Taking into account the rather occult nature of film distribution, I'm including predictions about when each of these pictures might finally flicker before us.
License to Live
"No more Soviet Union," says this Japanese comedy's newly awakened Rip Van Winkle, catching up on what has happened in the ten years since a car accident at age 14 landed him in a decadelong coma. "Was it a big deal?" asks his friend, who really ought to know. "Sort of." Characteristically Japanese in its mordant sense of humor and its low-key approach to a high concept--Hirokazu Kore-eda's After Life and Shohei Imamura's Dr. Akagi have the same inventive, off-kilter tone--License to Live never rests on its dreamy premise. The mop-topped slacker protagonist (Hidetoshi Nishijima) oddly acts almost comatose even after he has awakened, as director Kiyoshi Kurosawa favors deadpan long takes of him sitting around channel-surfing or wiping the sleep from his eyes. Eventually, the film becomes a subtle philosophical investigation of whether the young hero's life may have--or should have--ended with his accident. Kurosawa bears no relation to the late Akira, and yet this contemplative study of a life in limbo deserves a place alongside the master's classic Ikiru (To Live).

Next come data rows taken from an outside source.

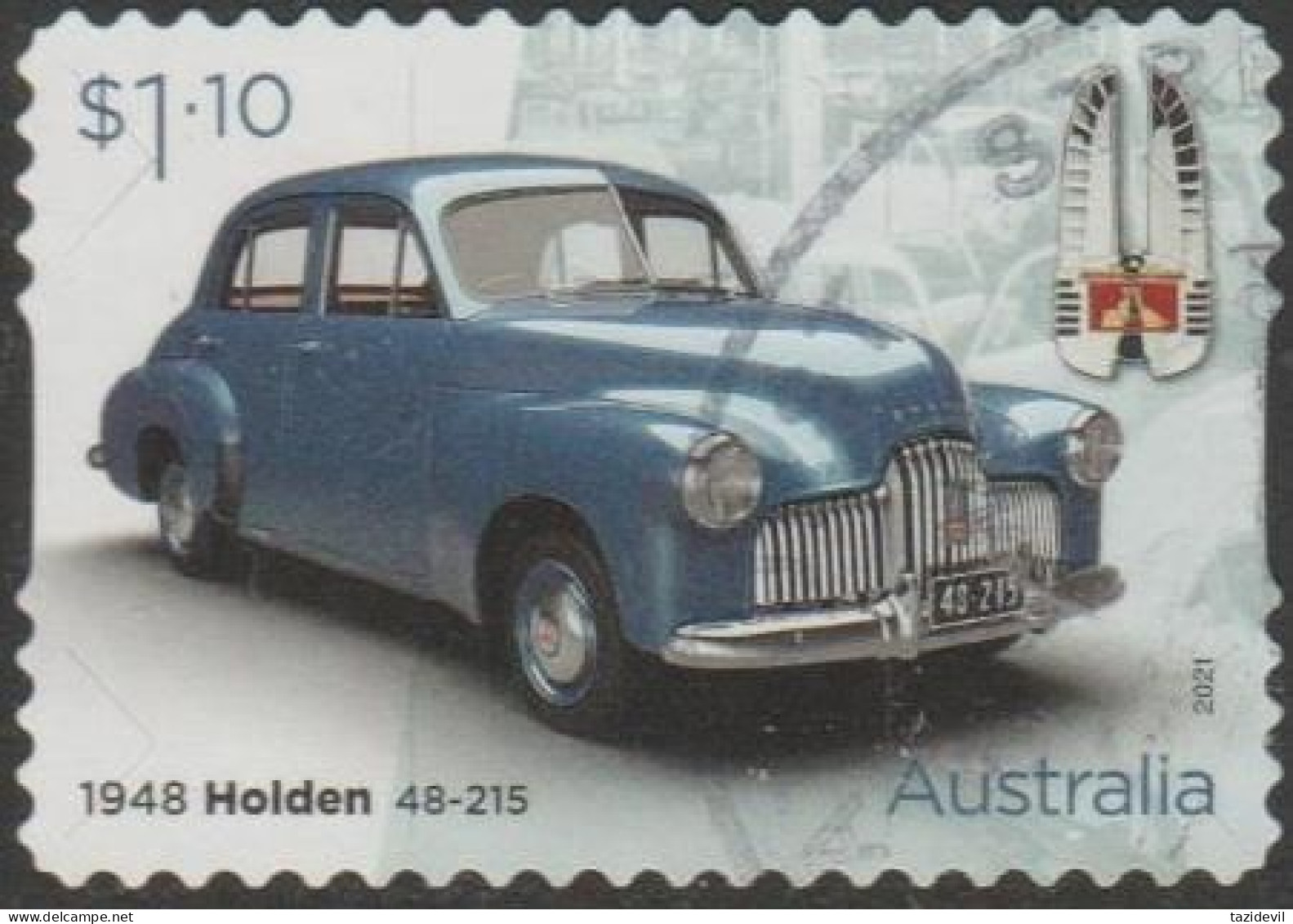 AUSTRALIA - DIE-CUT-USED 2021 $1.10 Holden Australian Icon - 1948 Holden 48-215 - Motor Vehicle - Oblitérés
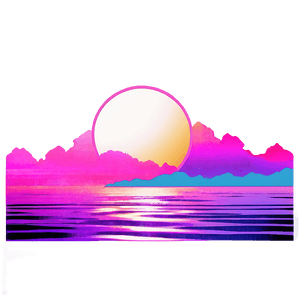 Retro Vaporwave Sunset PNG 06112024 PNG image with transparent background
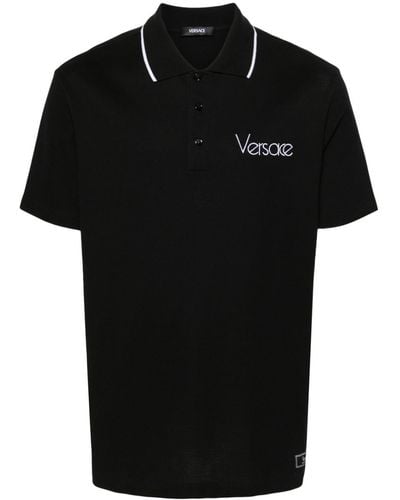 Versace Logo-Embroidered Polo Shirt - Black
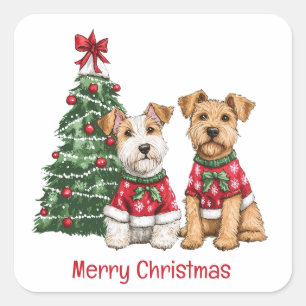Merry Christmas Welsh Wire Fox Terrier Dogs Square Sticker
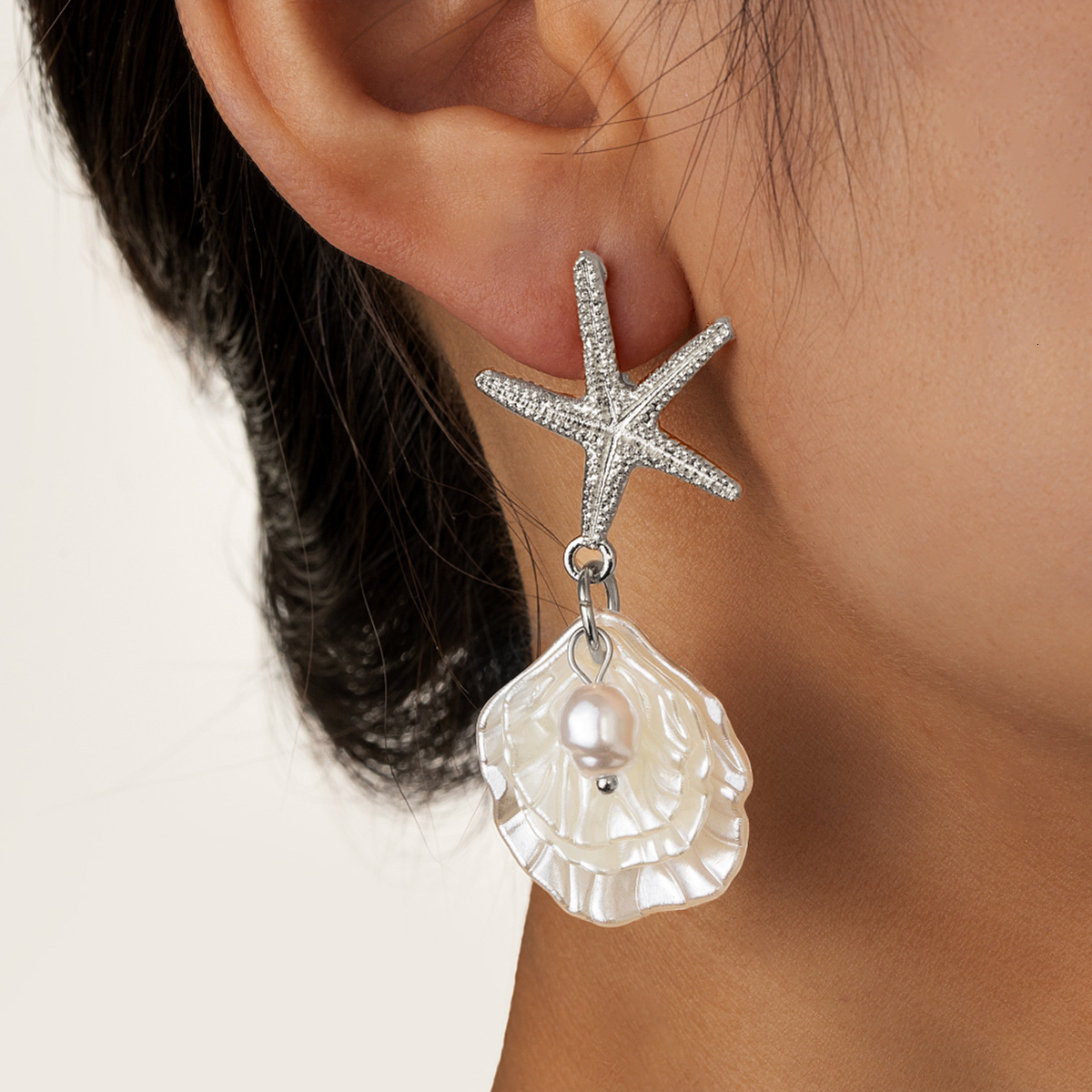 Summer New Fashion Beach Vacation Style Alloy Starfish Imitation Pearl Shell Women's Earrings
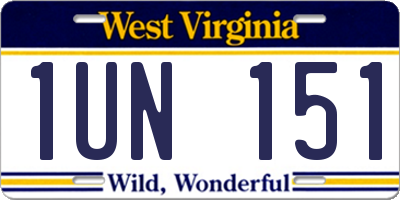 WV license plate 1UN151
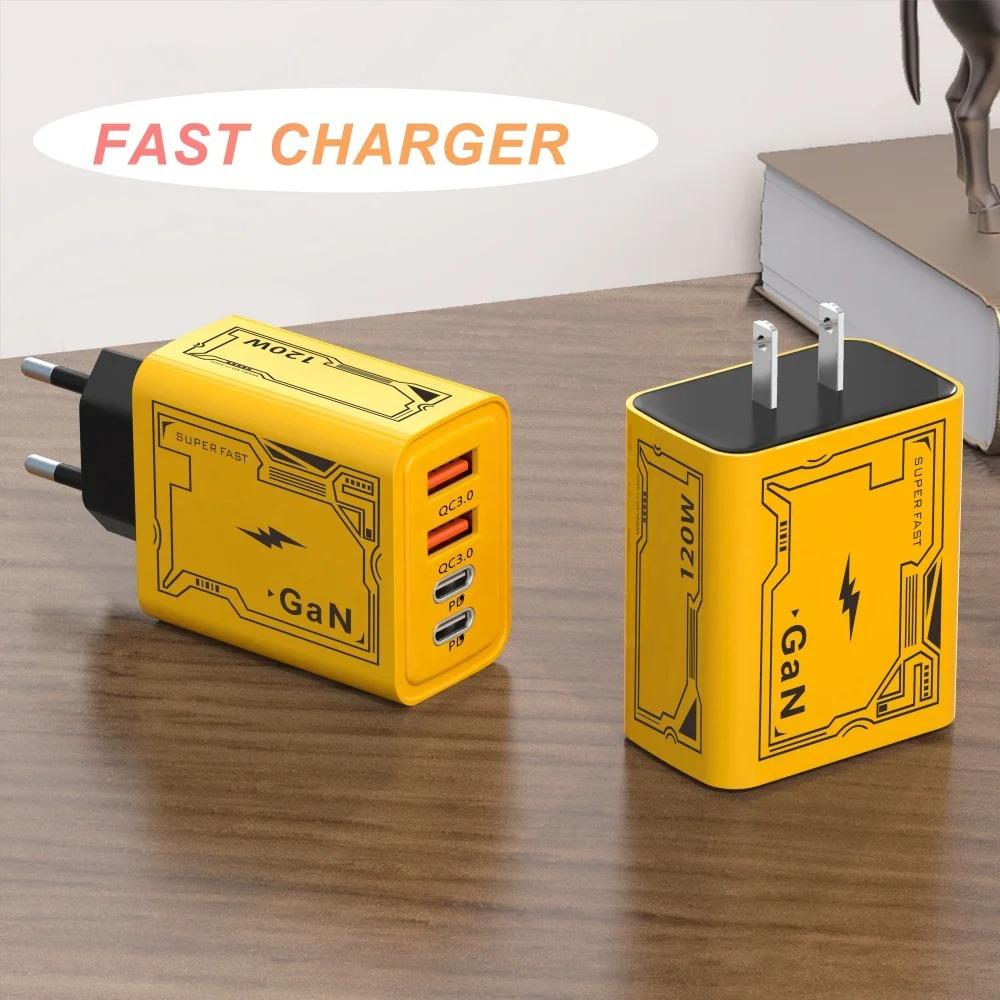 USB Type C Charger 4 Ports PD Fast Charging Mobile Phone Charger Adapter for iPhone Samsung Xiaomi MI Quick Charge Wall Charger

Estimated Time of Arrival: Sometime in the next decade
Having missed this controversial Palme d'Or winner at Cannes, I now see what all the fuss was about. Following a tenacious 17-year-old girl (Emilie Dequenne) through the endless struggles of her life on the outskirts of Seraing in Belgium, the Dardenne brothers (Luc and Jean-Pierre, whose equally tough La Promesse graced the NYFF two years ago) bring their 15 years of documentary experience to bear on a narrative feature that possesses all the aching force of the best nonfiction films about labor. The heroine of the title fights to fend off poverty in the film's every frame, yearning for a job that will keep her and her alcoholic mother (Anne Yernaux) living uncomfortably in their trailer-park home. The Dardennes train their roving camera on Rosetta's hands as she baits the hook on a bottle fish trap, mixes waffle batter, peels a hard-boiled egg, or carries a heavy canister of propane back to her house: Every action is an effort. Recalling the great tradition of neorealist world-cinema classics about poor children, from Los Olvidados to Pixote, Rosetta displays an astute class consciousness that's never reducible to platitudes about the courage of the impoverished. In her debut, the young Dequenne holds the screen all the way to the end of the film, at which point the Dardennes pull off a brilliant transference of energy that puts her fate in another's hands--and perhaps the viewer's as well.
ETA: February 2000--or whenever Lagoon Cinema finishes with its Christmas hits
Nonfiction films about Chernobyl have been a dime a dozen over the past decade, but this bone-chilling documentary of the 20-mile restricted zone around the nuclear accident site in the Ukraine comes closer than any other picture to portraying what the postapocalyptic world might look like. Shot in an appropriately gloomy black-and-white film stock, and named for the present and former plant workers' ominously sparse hometown near Chernobyl, Pripyat follows the few brave and/or crazy souls who continue to live and work in the area despite lethal levels of radioactivity. One elderly couple explains that they returned to the city of Chernobyl in 1993, feeling homesick and skeptical of health warnings. "What can the radioactivity do to us at our age?" one of them asks. The film's most frightening moments involve an amiable power-plant engineer who leads the camera into a main reactor room that resembles nothing so much as a hopscotch playing field with rows of numbered tiles, some of which appear to be running "a little hot." Such instances of gallows humor (not to mention the recent accident in Japan) only accentuate Pripyat's devastating point that this poisonous wasteland could be anywhere on earth.